TC’nin Fiyasko Operasyonları ve yenilgileri
Türk devleti, ilk “sınır ötesi” denemesini 1983’te dönemin darbe lideri Kenan Evren ile Bağdat arasında imzalanan “Sınır Güvenliği ve İşbirliği Anlaşması”nın ardından yaptı. 25 Mayıs 1983’te başlayan saldırıya 7 bin asker katıldı.
PKK’nin Bakûrê Kurdistan’da silahlı eylemleri başlatmasının ardından Ekim 1984’te yapılan ikinci operasyonda da sonuç alınamadı.

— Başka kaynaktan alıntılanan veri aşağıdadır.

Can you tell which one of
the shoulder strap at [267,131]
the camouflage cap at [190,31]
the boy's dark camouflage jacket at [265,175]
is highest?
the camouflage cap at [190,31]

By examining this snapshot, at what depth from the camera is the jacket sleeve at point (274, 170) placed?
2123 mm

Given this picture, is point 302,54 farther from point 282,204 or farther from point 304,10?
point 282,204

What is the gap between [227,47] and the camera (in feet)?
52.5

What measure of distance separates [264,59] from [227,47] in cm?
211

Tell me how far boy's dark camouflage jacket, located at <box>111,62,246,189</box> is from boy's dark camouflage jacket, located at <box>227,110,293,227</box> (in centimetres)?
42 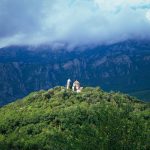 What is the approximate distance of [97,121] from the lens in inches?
2552

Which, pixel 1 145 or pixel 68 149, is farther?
pixel 1 145

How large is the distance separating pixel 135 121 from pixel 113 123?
3.42 metres

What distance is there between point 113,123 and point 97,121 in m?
2.33

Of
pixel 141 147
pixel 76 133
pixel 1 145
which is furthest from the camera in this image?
pixel 1 145

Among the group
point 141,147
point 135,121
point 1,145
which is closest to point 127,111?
point 135,121

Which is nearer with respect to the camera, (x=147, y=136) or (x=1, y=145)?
(x=147, y=136)

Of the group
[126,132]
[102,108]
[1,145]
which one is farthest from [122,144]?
[1,145]

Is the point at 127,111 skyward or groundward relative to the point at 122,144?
skyward

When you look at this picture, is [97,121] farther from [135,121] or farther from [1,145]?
[1,145]

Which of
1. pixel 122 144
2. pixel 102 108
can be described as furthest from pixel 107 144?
pixel 102 108

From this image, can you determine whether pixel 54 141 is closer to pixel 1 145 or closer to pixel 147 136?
pixel 147 136

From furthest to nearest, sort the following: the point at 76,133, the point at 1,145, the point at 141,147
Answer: the point at 1,145, the point at 76,133, the point at 141,147

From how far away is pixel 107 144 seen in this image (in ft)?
203

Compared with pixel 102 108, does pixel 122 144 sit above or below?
below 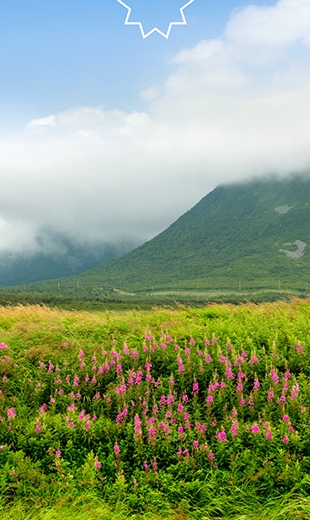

3’üncü operasyon, 12 Ağustos 1986’da yapıldı ve PKK’nin yanı sıra KDP kampları da hedef alındı. Aralarında sivillerin de olduğu çok sayıda Pêşmerge şehit düştü.
“Süpürge” adı verilerek 1991’de yapılan “sınır ötesi” operasyon, adıyla kaldı.
Aynı yılın Ekim ayında KDP ile Kurdistan Yurtseverler Birliği’nin (YNK) desteğiyle iki operasyon daha yapıldı. İşte bu operasyonlar sonrası Başûrê Kurdistan Türk devletinin istihbarat kampları kuruldu.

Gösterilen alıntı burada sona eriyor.